Press and Media Freedoms: The government financed and controlled the publication of books and almost all other print media. An independent weekly newspaper, Rysgal, continued to operate, although its stories were largely reprints from state media outlets or reflected the views of the state news agency. The government imposed significant restrictions on the importation of foreign newspapers except for the private but government-sanctioned Turkish newspaper Zaman Turkmenistan, which reflected the views of the official state newspapers, and Atavatan-Turkmenistan, a Turkish journal.
The government controlled radio and domestic television, but satellite dishes providing access to foreign television programming were widespread throughout the country. International organizations highlighted the forced removal of some satellite dishes by the government and replacement with telecommunications packages, such as cable, that limited access to certain channels and kinds of information. Citizens also received international radio programs through satellite access.
The government continued its ban on subscriptions to foreign periodicals by nongovernmental entities, although copies of nonpolitical periodicals appeared occasionally in the bazaars. The government maintained a subscription service to Russian-language outlets for government workers, although these publications were not available for public use.
There was no independent oversight of media accreditation, no defined criteria for allocating press cards, no assured provision for receiving accreditation when space was available, and no protection against the withdrawal of accreditation for political reasons. The government required all foreign correspondents to apply for accreditation. It granted visas to journalists from outside the country only to cover specific events, such as international conferences and summit meetings, where it could monitor their activities.
Violence and Harassment: The government reportedly subjected journalists to surveillance and harassment. There were reports that law enforcement officials harassed and monitored citizen journalists who worked for foreign media outlets, such as by monitoring their telephone conversations and restricting their travel abroad. During the year Radio Free Europe/Radio Liberty journalists were questioned, detained, and otherwise harassed, and one departed the country and requested refugee status in a neighboring country. On July 7, authorities arrested Radio Free Europe/Radio Liberty freelance journalist Saparmamed Nepeskuliyev and later charged and convicted him for possession of narcotics, with a sentence of three years’ incarceration. Human Rights Watch disputed the charge, stating it was politically motivated. Visiting foreign journalists reported harassment and denial of freedom of movement when they attempted to report from the country.
As in previous years, the government required journalists working for state-owned media to obtain permission to cover specific events as well as to publish or broadcast the subject matter they had covered.
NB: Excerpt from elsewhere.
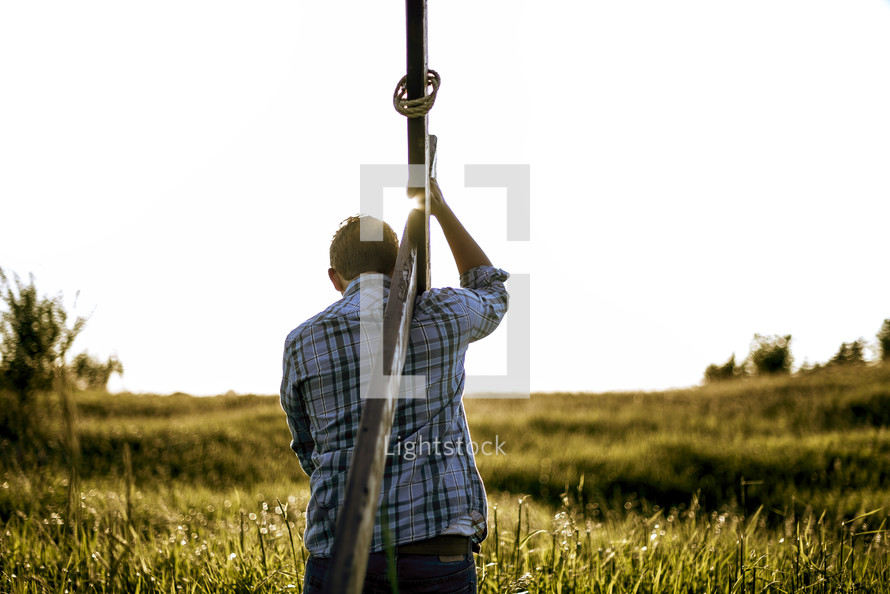 man carrying a cross through a field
Censorship or Content Restrictions: The law prohibits censorship and provides freedom to gather and disseminate information, but authorities did not fully implement the law. The government continued to censor newspapers and prohibit reporting of opposition political views or of any criticism of the president. Domestic journalists and foreign news correspondents engaged in self-censorship due to fear of government reprisal.
To regulate domestic printing and copying activities, the government required all publishing houses, and printing and photocopying establishments to register their equipment. The government did not allow the publication of works on topics that were out of favor with the government, including some works of fiction.
The government continued to monitor citizens’ e-mail and internet activity. Reports indicated that the Ministry of National Security controlled the main access gateway and that several servers belonging to internet protocol addresses registered to the Ministry of Communications operated software that allowed the government to record Voice over Internet Protocol conversations, turn on cameras and microphones, and log keystrokes. The authorities blocked access to websites they considered sensitive, including YouTube, Twitter, and Facebook, as well as virtual private network connections, including those of diplomatic missions.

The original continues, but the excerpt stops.